Mumbai - Indian drugmaker Cipla on Thursday sweetened its offer by 17% to take over South Africa's third-largest drugmaker, Cipla Medpro South Africa [JSE:CMP], ending the uncertainty of an earlier offer that had been put on hold by the Indian company.
Cipla, India's fifth-largest drugmaker by sales, said it would spend about $512m, or R10 a share, to acquire Cipla Medpro and then delist the South African drugmaker.
The Indian company in November 2012 offered to buy 51% of Cipla Medpro at R8.55 a share. After Cipla's initial offer, the South African company won a R1.4bn government drug contract, leading analysts to revalue the African firm higher.

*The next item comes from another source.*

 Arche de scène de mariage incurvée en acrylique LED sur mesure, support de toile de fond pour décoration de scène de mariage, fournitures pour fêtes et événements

"With a 100% buy-out plan, Cipla will have good operational synergies in the African market," said Siddhant Khandekar, an analyst at ICICI Direct in Mumbai. "However, it is difficult to predict if the payback would happen quickly."
Cipla Chairperson Y. K. Hemied told Reuters earlier this month that the November acquisition had been on hold, but did not give any reason. Cipla is the biggest supplier of drugs to Cipla Medpro.
Shares in Cipla were up 0.8% at 367.40 rupees by 04:26 GMT while the Mumbai market was up 0.53%.